Tussen deze concrete en abstracte uitkomsten benadrukt Fons van der Velden een extra niveau van uitkomsten tussen outcome en impact. Hierbij gaat het om de invloed die het programma heeft gehad, maar waarvan niet direct kan worden vastgesteld dat de impact door het programma an sich is veroorzaakt. Meerdere programma’s beogen namelijk gelijke doelen en zo zullen meerderen invloed hebben op bijvoorbeeld gedragsveranderingen.
Multiple reality
Voor het opstellen van een goede interventielogica moeten indicatoren al in de planningsfase worden geformuleerd. Volgens Dick van der Broek is dit zelfs is essentieel voor goede PME. De, door het IOB, gebruikte indicatoren waren daarbij gericht op het meten van gedragsveranderingen naar aanleiding van een wereldburgerschapprogramma. ‘Kennis en houding zijn door het gebrek aan meetbaarheid buiten beschouwing gelaten’, aldus Dick van der Hoek.

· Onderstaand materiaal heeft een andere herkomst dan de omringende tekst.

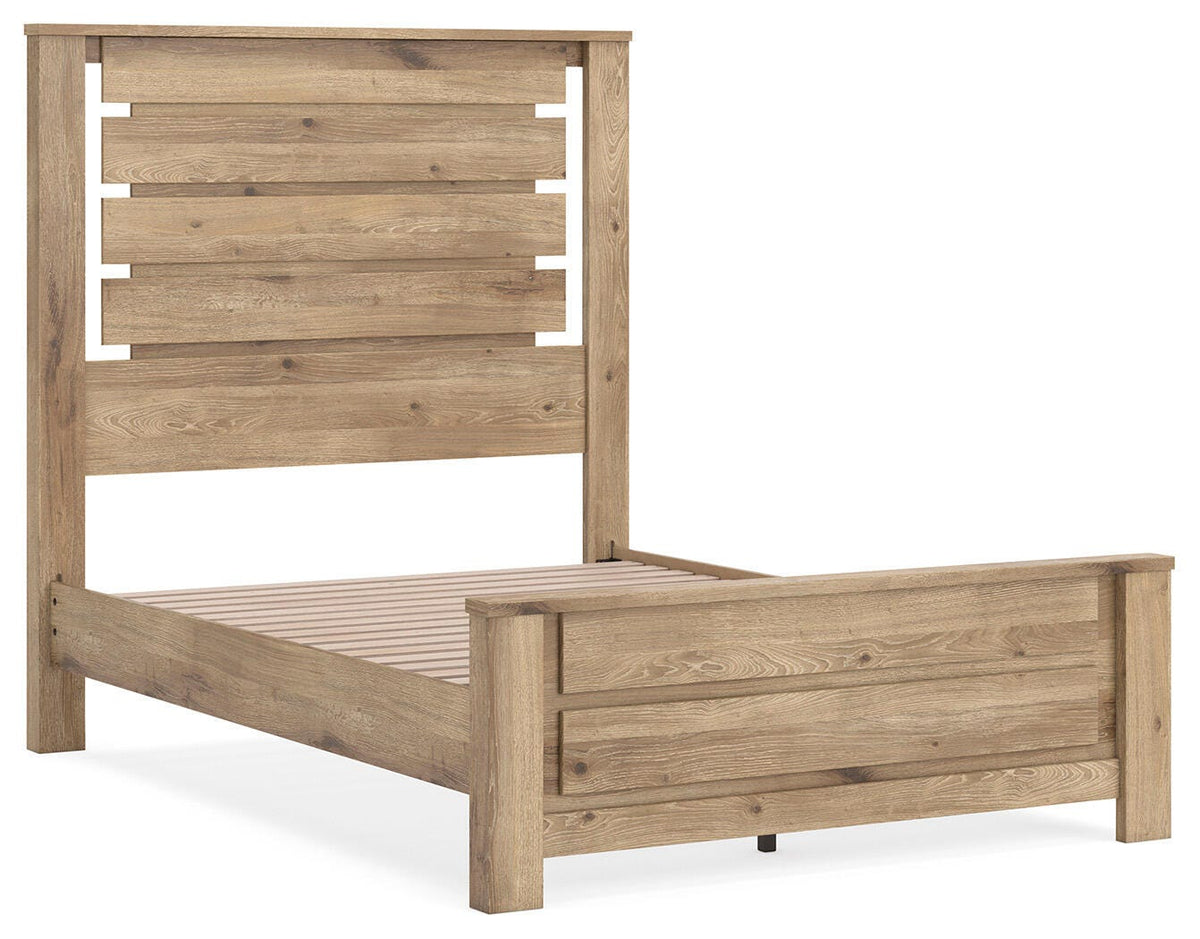 Brozmont Bed by Ashley - image 11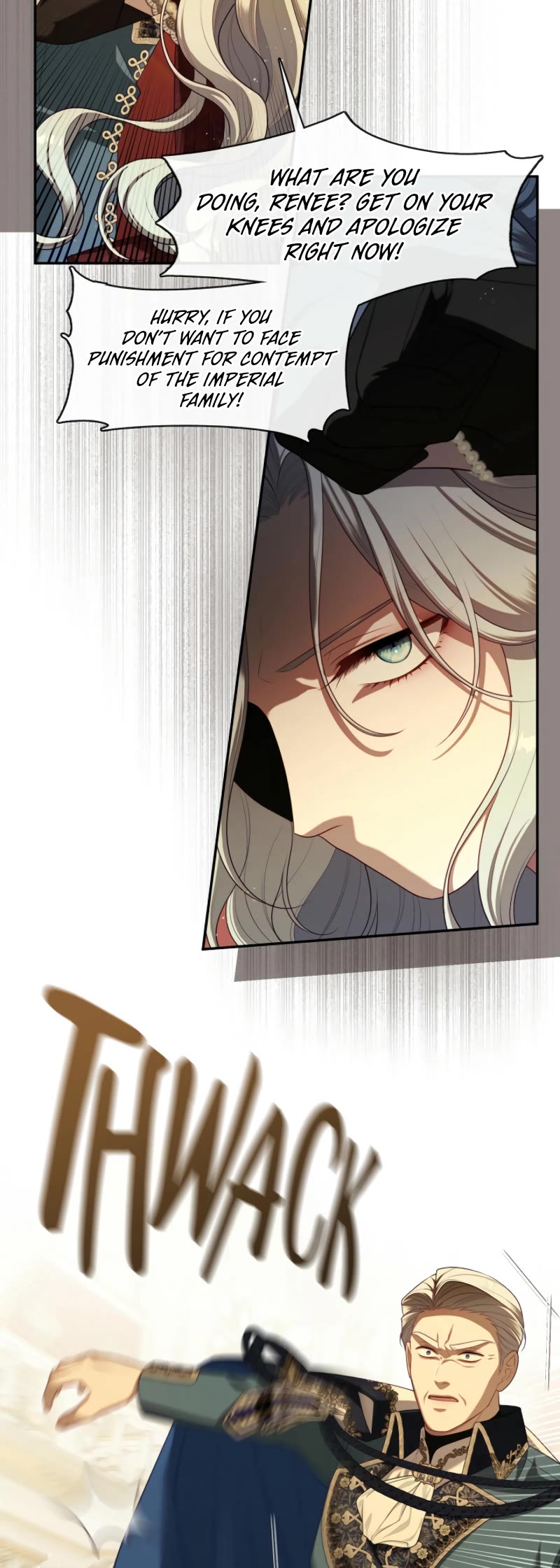 S-Class Hunter Doesn't Want to Be a Villainous Princess Chapter 61 page 39 - Chapter 61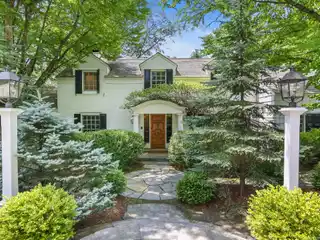 Comfort and Privacy One Hour from New York City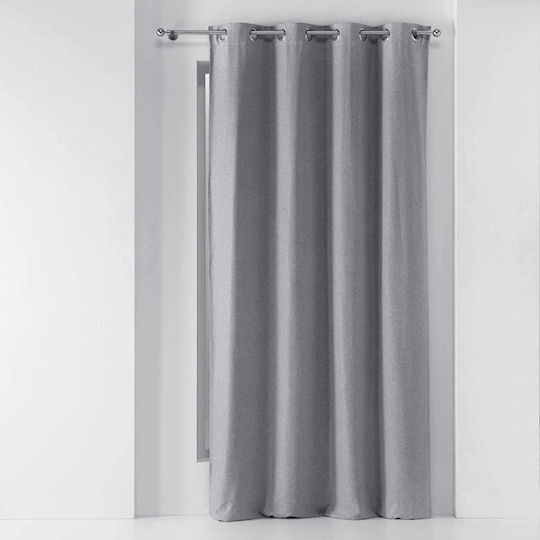Țesătură Perdele 135x240cm Gri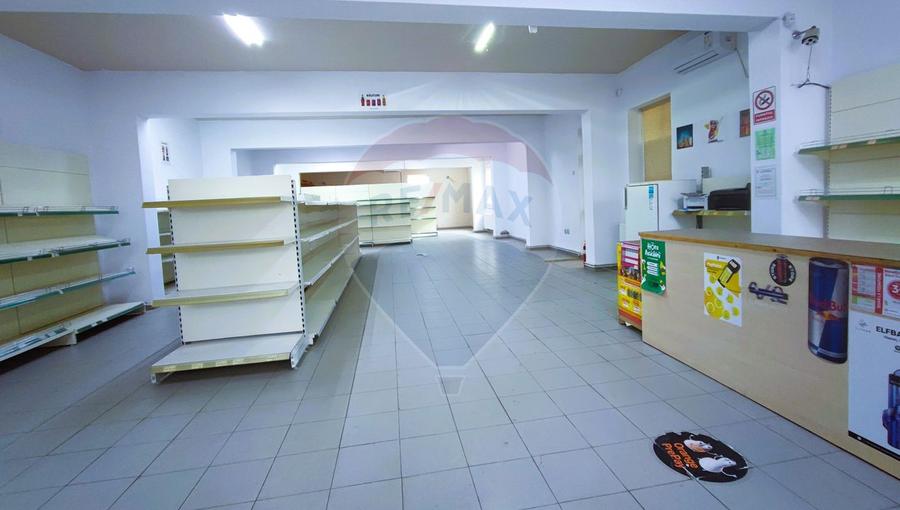 Spațiu comercial premium in Miercurea Sibiului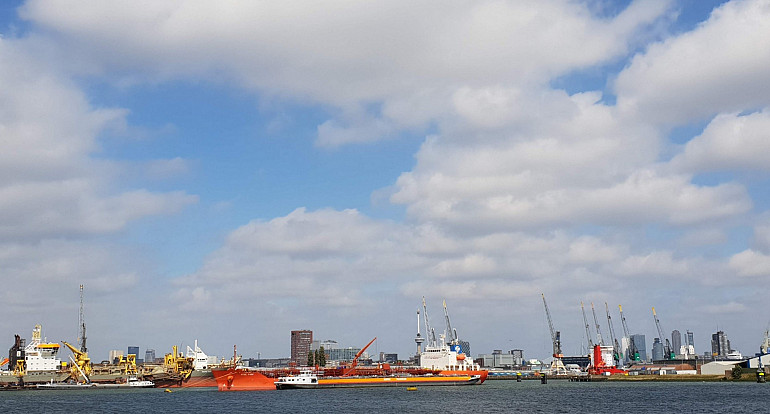 Koninklijke Beuk, Travel, Groepsreis - Royal Delft & Rotterdam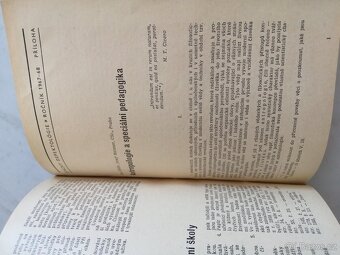 Otázky defektolgie 1967-68 - 4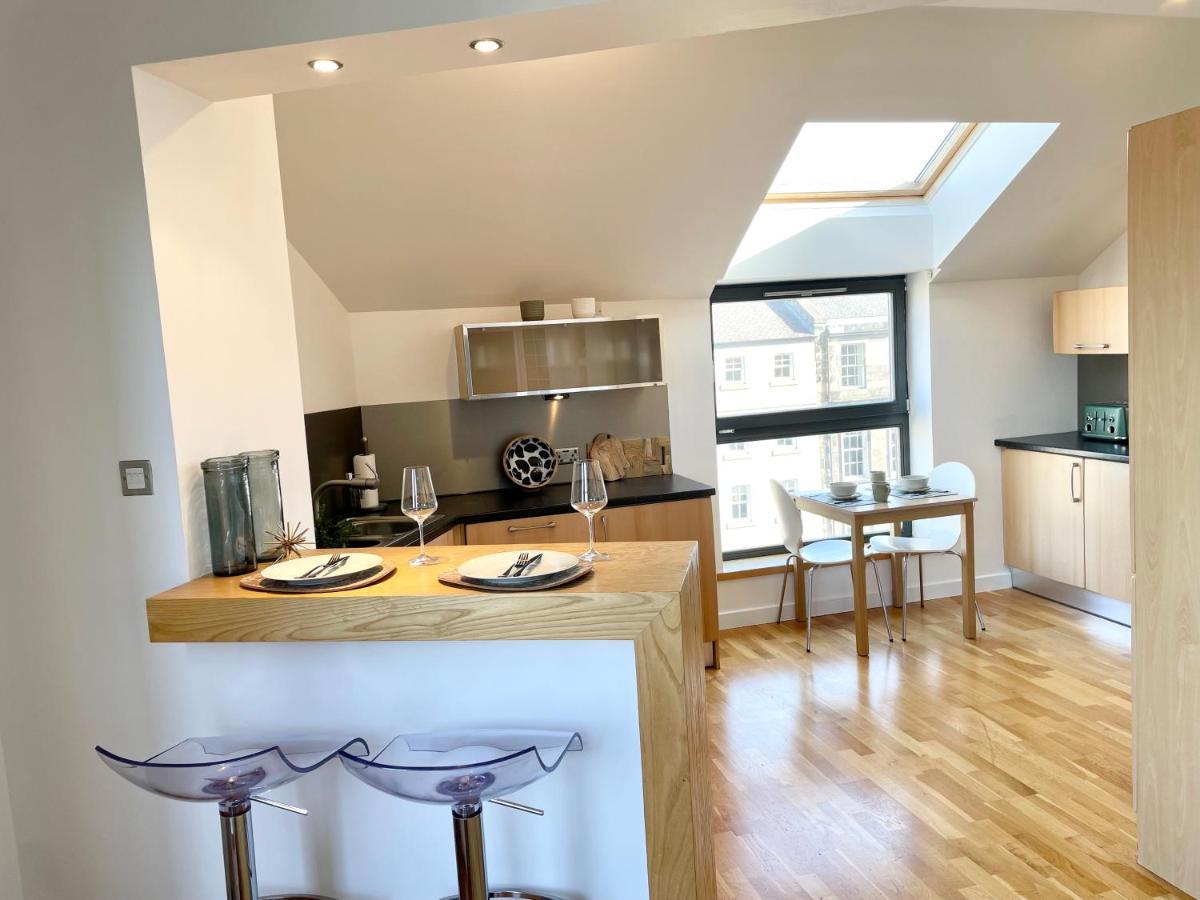 Edinburgh Penthouse 101 Apartment Ngoại thất bức ảnh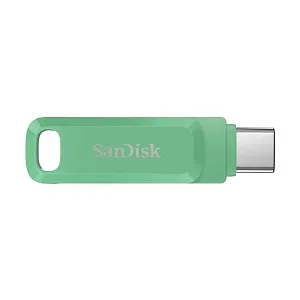 Sandisk 64GB Ultra Dual Drive Go USB Type-C Absinthe Green Pen Drive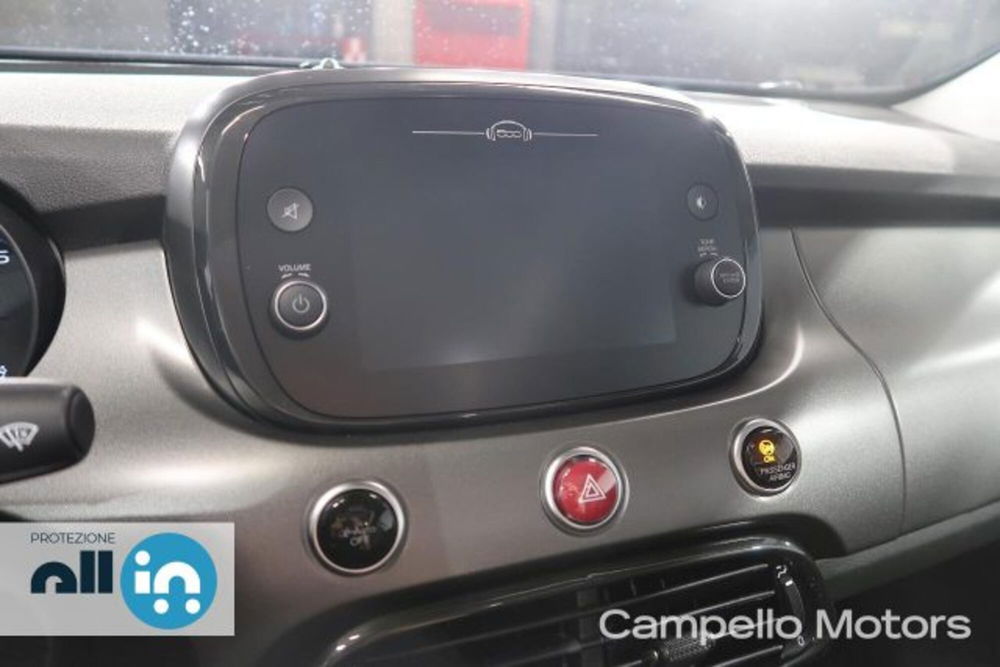 Fiat 500X nuova a Venezia (10)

In tegenstelling tot deze aanpak ziet Van der Velden gevaar in een dergelijke focus, zo benadrukte hij al tijdens de introductie. ‘Een te sterke focus van een programma kan grote gevolgen hebben. Dit hebben we kunnen zien bij de Bill & Melinda Gates Foundation. Door de sterke focus op het bestrijden van polio werd er te veel kennis, energie en ervaring vanuit de gezondheidszorg naar dit punt weggezogen. Door het gebrek aan aandacht voor de algemene gezondheidszorg kwam er juist een polio uitbraak als gevolg. De sterke focus kan er dus voor zorgen dat het tegenovergestelde bereikt wordt. Voor het meten van de resultaten van programma’s moet er dus ook niet alleen worden gefocust op één uitkomst. Methodologische compensatie moet er zijn voor de indicatoren die uniform zijn. Er moet worden gekeken naar wat de bijkomstige effecten van een programma zijn. Er moet ruimte zin voor multiple realities, de verscheidenheid aan bevindingen, en subjectiviteit in de evaluaties. Kortom, vraag binnen planning, monitoren en evalueren is: Wiens perspectief nemen we als het uitgangspunt? Who’s reality counts?’